The butcher pushed the legs apart and with one down stroke

cut from groin to neck.

He parted the wound, and out from so black a body, it rose

into the now cold air.

A mist, a shimmering white cloud out into the coming

darkness as we stood in silence.

Slowly it rose through the leaves of the limb bent

under its load, upward through branches passing

pale white between the green,

Up above the topmost branch it hovered, then swiftly gone

no longer seen.

At our feet the black body was being cut to blocks of flesh

while above something had risen into the night.

From we rationalists circled round came a nervous laugh

- what had we seen?

What was it, out so unexpectedly from the butcher’s work? -

the essence of the black bull with 173 burnt into its thigh?

There up into the darkness of a Spanish night - what had left

this pile of flesh and blood spread across a palette?

A Spaniard joked, “Yes, to that place where bulls and matadors

live in peace and butchers are early in bed on

bullfight nights.”

We laughed still looking, looking upward, hoping to once more

see what was now out of sight.


Outside my window for all to see

I have a poet hanging from a tree.

His hair is matted, his face is blue

His coat in rags, the winds blow through,

And his left foot?  Gone, eaten by a leaping dog

At my door he came to ask a meal,

A bowl of tears? A taste of heel?

I struck him!  and gouged his eyes,

How sweet to hear a poet's cries.

And between his sobs?  Words!  I held my ears.
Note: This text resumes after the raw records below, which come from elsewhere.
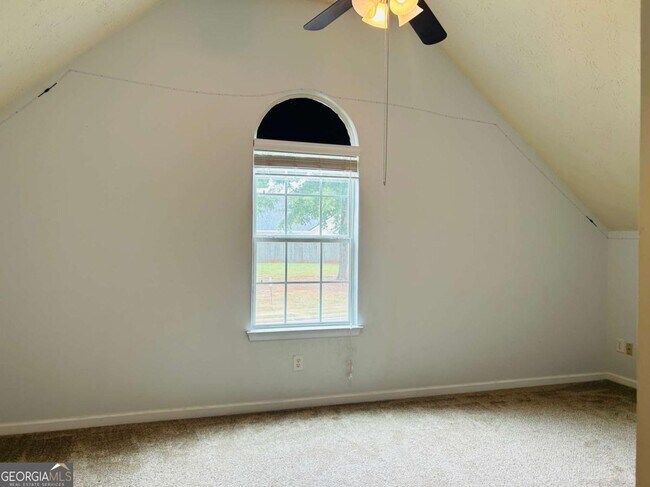 Building Photo - 5 Stony Oak Dr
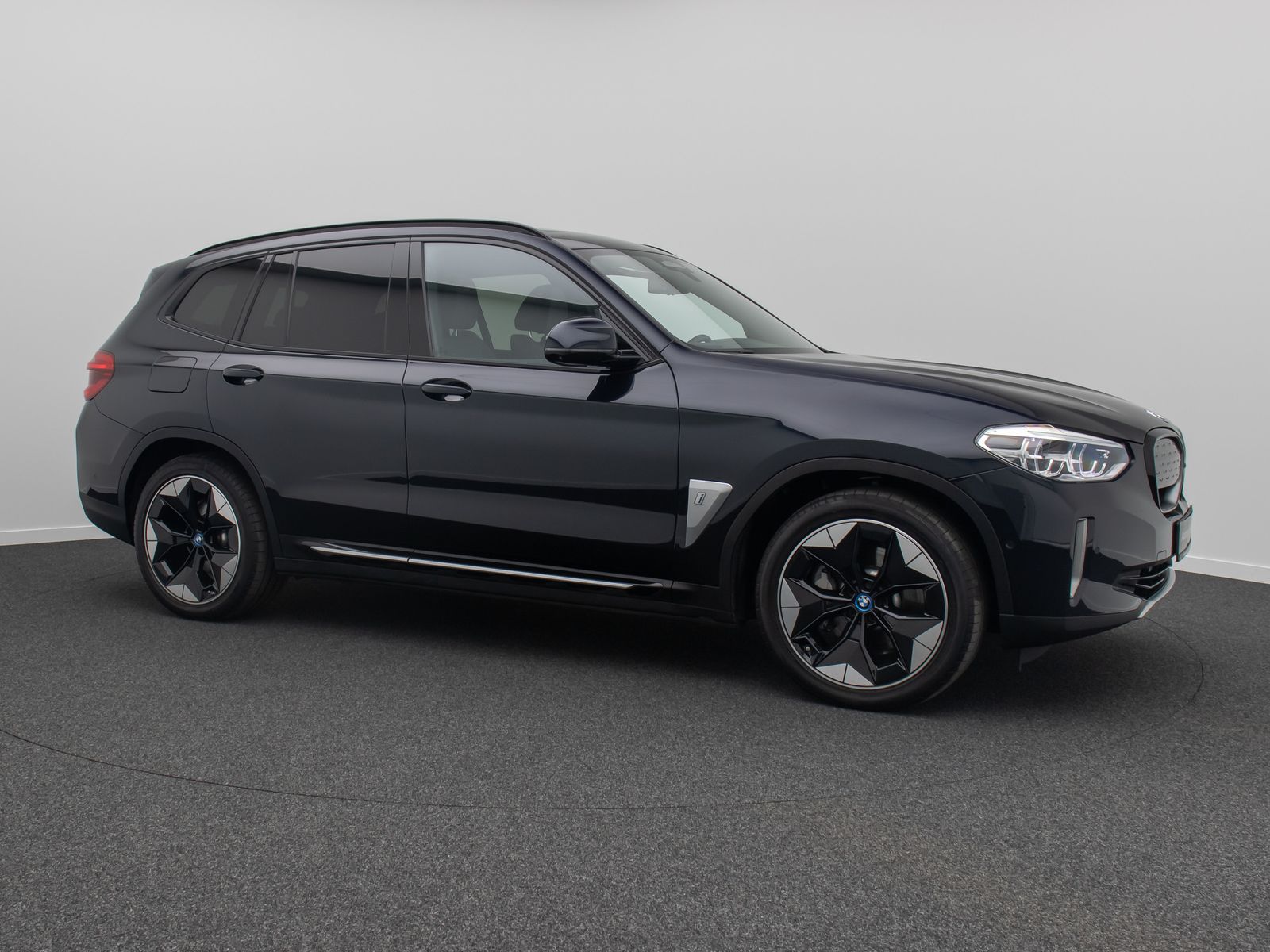 Fahrzeugabbildung BMW iX3 IMPRESSIVE HUD 360°DAB H/K 20Zoll Sport Alar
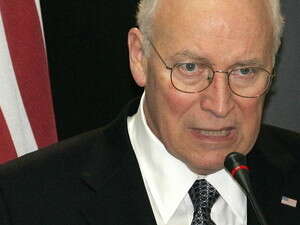 סגן הנשיא האמריקני דיק צ'ייני בביקור בגיאורגיה. סגן הנשיא האמריקני דיק צ'ייני בביקור בגיאורגיה.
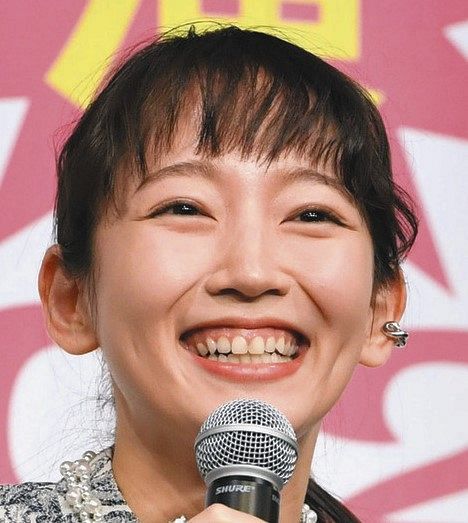 吉岡里帆、純白レースのロングドレス姿に「真っ白な妖精さんの 吉岡里帆、純白レースのロングドレス姿に「真っ白な妖精さんの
In my fire I burnt his art

Those damning lies, that trusting heart.

Dangerous! Dangerous!  a poet's like a rat

That gnaws at greed and tames the cat.

And if they live?  Even one, the real world,

our world, done

So, outside your window for all to see

Have a poet hanging from a tree.

                         REALLY A PLACE

There is that place where bluebirds bite

Where spiders sing all through the night

Furry Teddy bears there rough-up tots

Sharp-eyed rats uncover plots

There is that place where dollys tease

Where Poison Sumac sweet-scents the breeze

Cozy fires singe and burn

Ugly witches to be loved just yearn

There is that place where fun’s called chore

Where the ignorant teach, learning’s a bore

Youth change places with the old

The poor have closets filled with gold

There is that place where kisses kill

Where beating don’t hurt and never will

Apple trees refuse their fruit

Pirates door to door hand out their loot

Ah, what a place for all to dwell

Some call it heaven others hell

But you who read these words are wise

And know that poems are often lies


Short pants, short sleeves, rope-soled shoes, these foundrymen

raised the white hot crucible up out of the oven.
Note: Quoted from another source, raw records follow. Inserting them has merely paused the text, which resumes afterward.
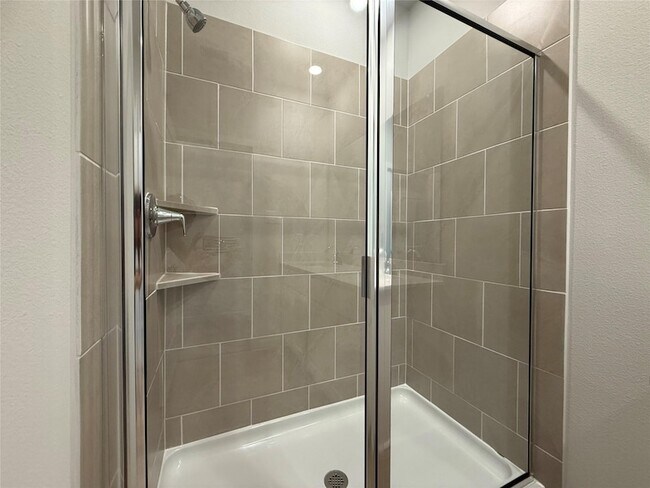 Building Photo - 3914 Flora Fld Dr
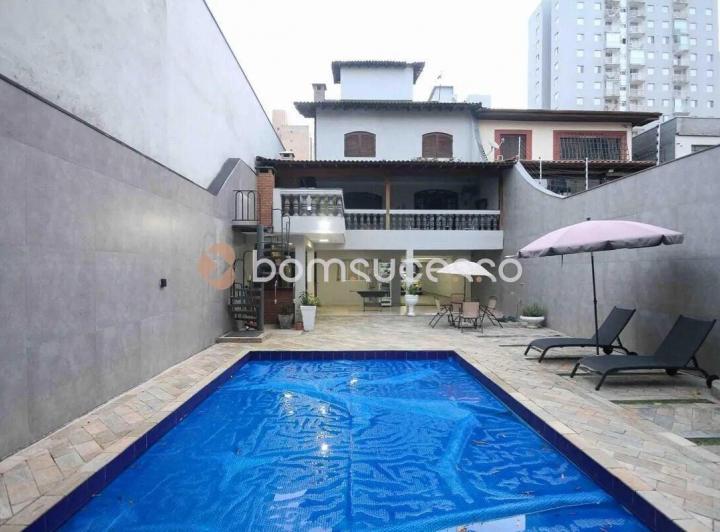 Foto do imóvel - Esta casa isolada com 344 m² de área construída e 340 m² de área total apresenta excelente.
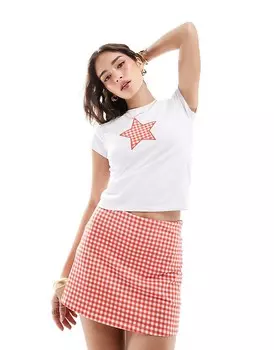 Белая футболка с аппликацией в виде звезд в мелкую клетку ASOS DESIGN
They were about to cast my sculptures into bronze, as I the artist

stood watching.

In the foundry they wear no protective clothing, not in Spain, no

fireproof capes, no hard hats, face masks, gloves, or boots,

None, for year after year nothing has ever happened, the melted

bronze, liquid as water, flowed easily, glowing into the

waiting molds.

But today was different, today would be the day that had never

happened before, as I the artist stood watching.

From the steel gripping tongs, from the grip of the foundrymen

lifting at each end the crucible slipped free, it fell, white hot, down, back down into the yet roaring oven, then silence.
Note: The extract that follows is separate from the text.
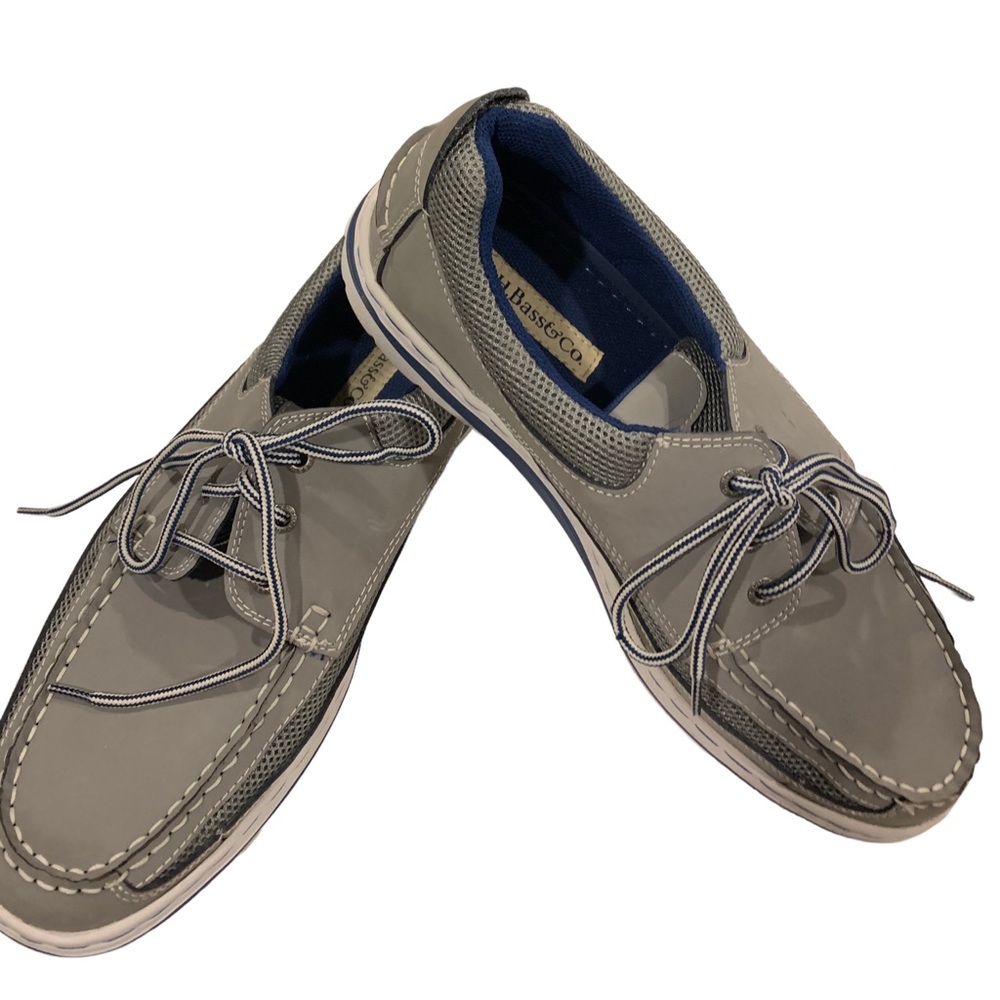 Mens boat shoe. Rubber sole.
A moment, less than a moment just time for some to quickly

cross themselves and then came the roar,

Up as a volcano squeezed through a cannon’s mouth it rose into

the air above us all,

White hot comets, meteors, glowing, hissing globes each just by

touch to burn through flesh.

The foundry was lit by this brilliant rain that arced above to fall

down, down upon us all, as I the artist stood watching.

Falling streaks of light, heat, the smell of burning, angry buzzing

as liquid bronze fell and ran in fiery puddles across the floor.

I wildly brushed my shoulders and hair while dancing around

the bronze flowing at my feet, hoping nothing had landed

on me.

I saw us all dancing, this wild dance, arms brushing, heads

shaking, leaping high into the air over white running puddles.

As we danced, around us a miracle had happened, no one, no one

had been touched by the white hot rain, it had fallen, every

drop, harmlessly.

By luck? No, not luck, for this was Spain where God is great and

his protection above us over arching.

Safe would be the foolish foundrymen, and safe as well the atheist

artist who just stood watching.


                            NO JOY IN POVERTY

There is no joy in poverty.

To live the poor artist life while uptown millions are

exchanged at auction houses sucked from the

bones of so many sweet young dead.

Their drugs, drink, and despair hang in the corners of

cheap studios,

Where dusty paintings and half done clays crack quietly

recalling ancient dreams unfulfilled for lack of funds.

There is no joy in poverty.

To spend mornings weighing food against art supplies,

counting the months or days to opening a well worn

check book to find a bottom line of zero.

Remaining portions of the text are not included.